Предоставившейся возможности оказалось для дворфа более чем достаточно. С довольной усмешкой он принял пощечину, а затем рванулся вперед и полностью вырвался из рук обидчика. Затем, не колеблясь ни мгновения, Язвий ткнул кулаком в живот стражника, что по-прежнему держал его, заставив человека согнуться вдвое и отпустить узника. Язвий вырвался на волю, извиваясь и размахивая кулаками, чтобы не дать схватить себя вновь.
Стражник попятился, позвал на помощь, но Язвий был стремителен, и, набычившись, лягнул его в подбородок, да сильно, чересчур сильно, боднул его в гульфик лбом. Человек согнулся пополам и упал на колени, глаза сошлись к переносице. Язвий развернулся и бросился на второго воина.
Но когда человек увернулся, дворф не стал кидаться на него, а продолжил бросок к подлинной цели: к несчастному советнику Аграфану.
Аграфан никогда не смог бы потягаться в драке с Язвием, да и кулаки его и в половину не были закалены частыми драками так же хорошо, как костяшки могучего горняка. Однако намного хуже пришлось Аграфану оттого, что дух его, дух защищавшегося, и сравниться не мог с преисполненным ярости духом нападавшего Язвия.
Первые удары оказались для советника болезненными: слева, справа, защитный, стремительные прямые — и оглушительная затрещина, от которой Аграфан рухнул на землю. Досталось советнику и от каблуков Язвия: его догнали стражники, подняли над землей, но дворф успел пнуть советника в последний раз.

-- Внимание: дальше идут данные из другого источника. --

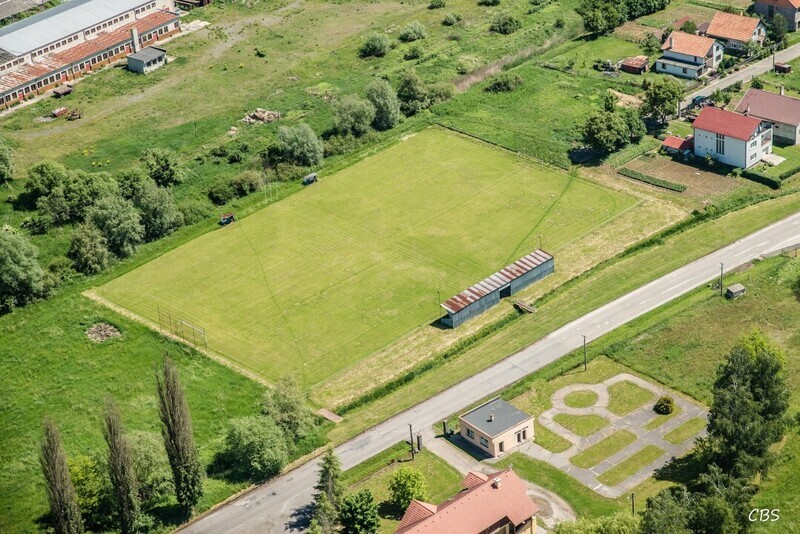 Gemersky-Jablonec-2015-13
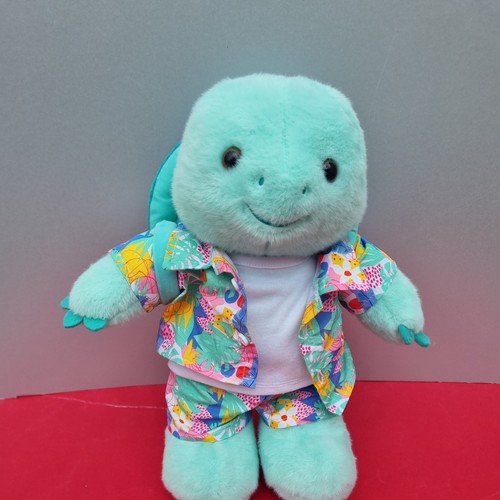Build bear bissige - bear,
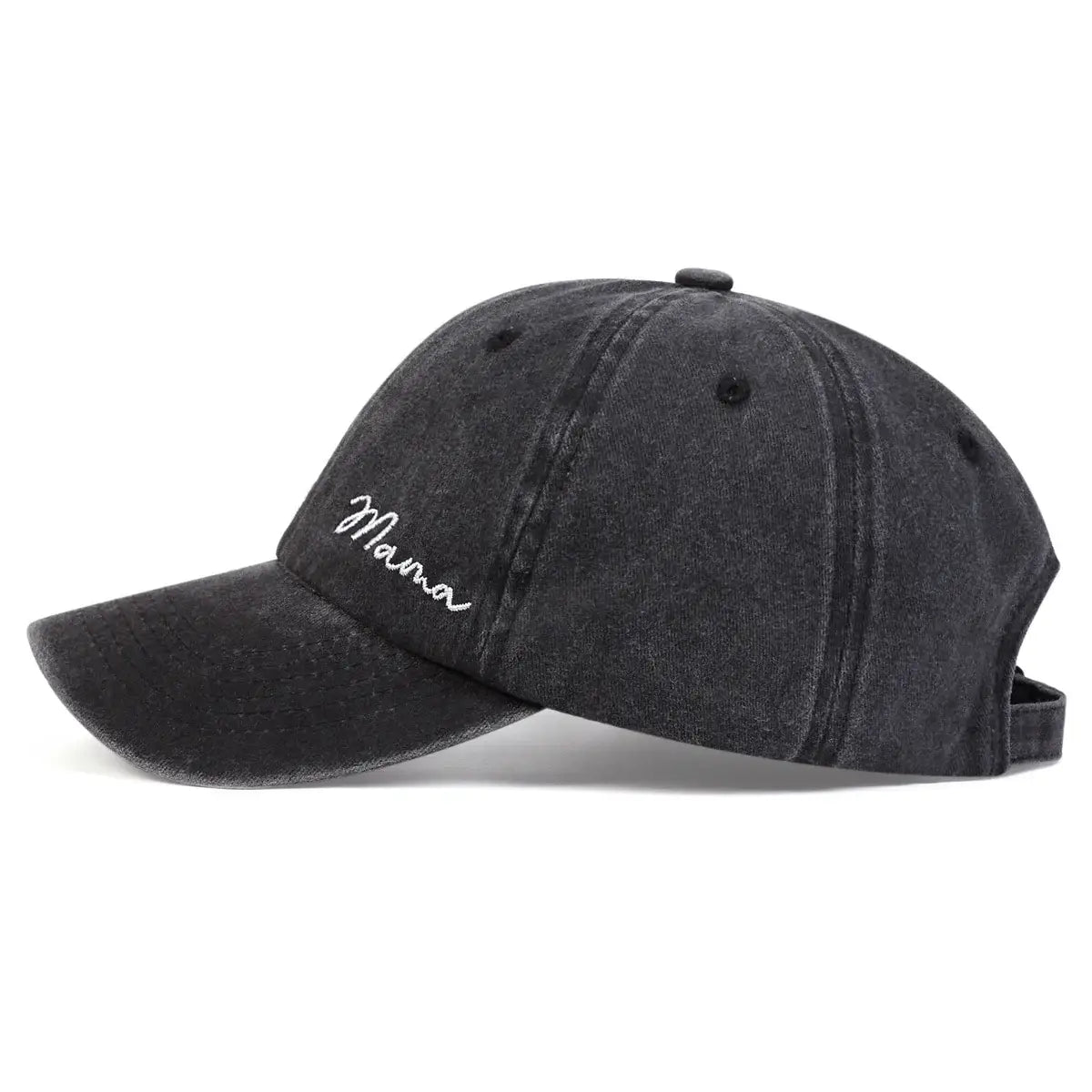 Gorro Mama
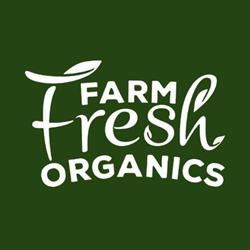 Farm Fresh Organics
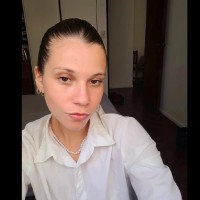 Agustina Gucevich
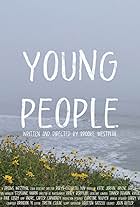 Young People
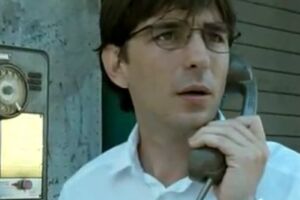 Sul set di Fortapasc con Libero De Rienzo: «I bambini urlavano “Giancarlo Siani pum pum”» item-thumbnail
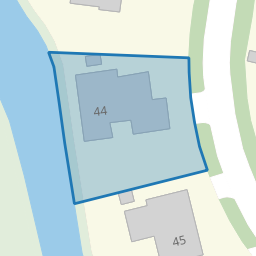 Perceel HLO00-E-1730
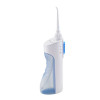 Ирригатор для полости рта Coralrich 165мл CR-6102 - 2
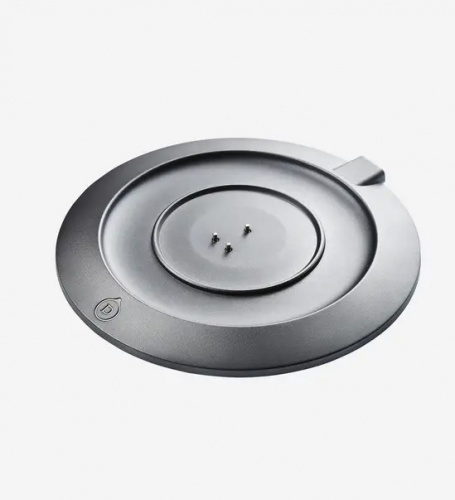 Devialet Mania Sandstorm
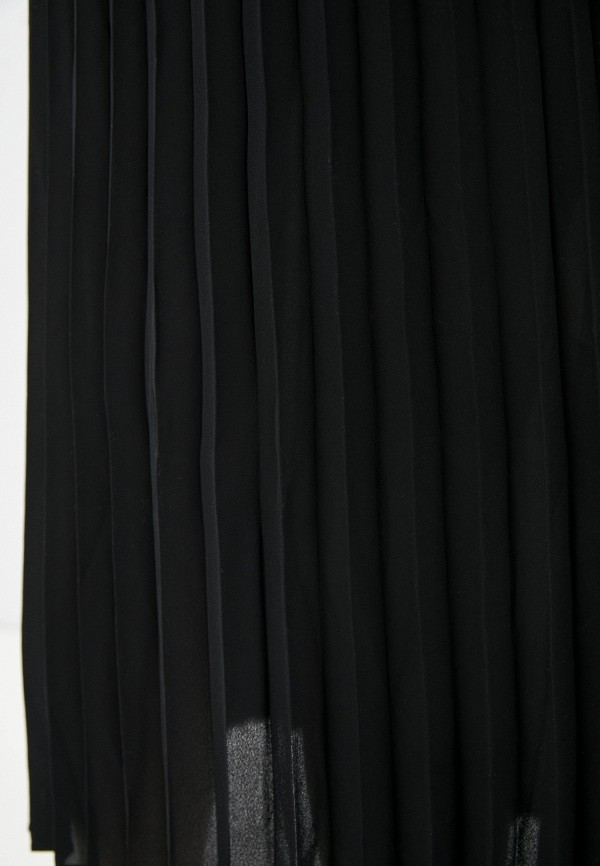 фото Юбка only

Аграфан почувствовал, как его подхватили под мышки человеческие руки и как люди помогают подняться, но с негодованием отказался от помощи.
Скрипя зубами, чувствуя в душе еще большую боль, чем от побоев, советник Аграфан вихрем пронесся к подъемникам.
Он должен добраться до маркграфа. Советник не имел ни малейшего представления о том, что он скажет правителю, одно только знал дворф: на сей раз он будет более настойчив в споре с человеком.
19
ПОРЫВ СМЕРТЕЛЬНОГО ВЕТРА
— За всю жизнь ни разу не доводилось мне ощущать себя столь близко от смерти, — сообщила Кэтти-бри под шепот ветра.
Внизу, у нее за спиной, дворфы, Реджис и Вульфгар занимались привычными хлопотами, готовили ужин и разбивали новый лагерь, но поскольку Кэтти-бри была освобождена от сегодняшних обязанностей, то ей представилась возможность разобраться в своих чувствах в одиночестве.
Бушевавшие в ней эмоции и сравниться не могли ни с одним из известных ей ранее ощущений. Разумеется, недавняя битва оказалась далеко не первым столкновением со смертельной опасностью, и она далеко не впервые оказалась бессильна перед ненавистным врагом. Некогда ее захватил наемный убийца, Артемис Энтрери, и заставил вместе с ним гнаться за Реджисом, но в тот раз, несмотря на свое ощущение беспомощности, Кэтти-бри не чувствовала, что ей суждено умереть.
Никогда прежде не оказывалась она беспомощно распростертой на земле в ногах у злобных, кольцом окруживших ее орков. В тот ужасный миг Кэтти-бри увидела собственную кончину — настоящую, неотвратимую. В тот ужасный миг все мечты и надежды ее жизни оказались сметены волной…
Что же это было за чувство?
Сожаление?
Да, она жила полной жизнью, как и остальные, — жизнью, полной невероятных приключений, помогая одержать верх над демонами и драконами, сражаясь, чтобы ее приемный отец вместе со своим кланом вернул себе Мифрил Халл, преследуя пиратов на морских просторах… она познала и любовь.
И женщина оглянулась на Вульфгара.
Она познала скорбь, и возможно, вновь испытала любовь. Или то был лишь самообман? Она — в окружении лучших друзей, о каких только можно мечтать, она принята невероятными товарищами, что любили ее столь же сильно, как и она — их. Спутники, друзья… Кэтти-бри полагала, что с Вульфгаром они были больше, чем друзьями, так же, как и с Дзиртом…
Что же она чувствовала?
Она не знала. Она любила эльфа всем сердцем, ей становилось лучше, когда дроу оказывался рядом с ней, но смогут ли они жить, как муж и жена? Станет ли он отцом ее детей? Возможно ли такое?
Женщина поежилась. Часть ее сознания ликовала при мысли об общих детях, в убеждении, что это окажется замечательно, чудесно… Но другая часть, более рассудительная, отвергала подобную возможность, зная, что даже если общим детям и суждено родиться, они для всех окажутся изгоями в силу одного своего происхождения, — изгоями для всех, за исключением немногих, кому известна правда о Дзирте До'Урдене.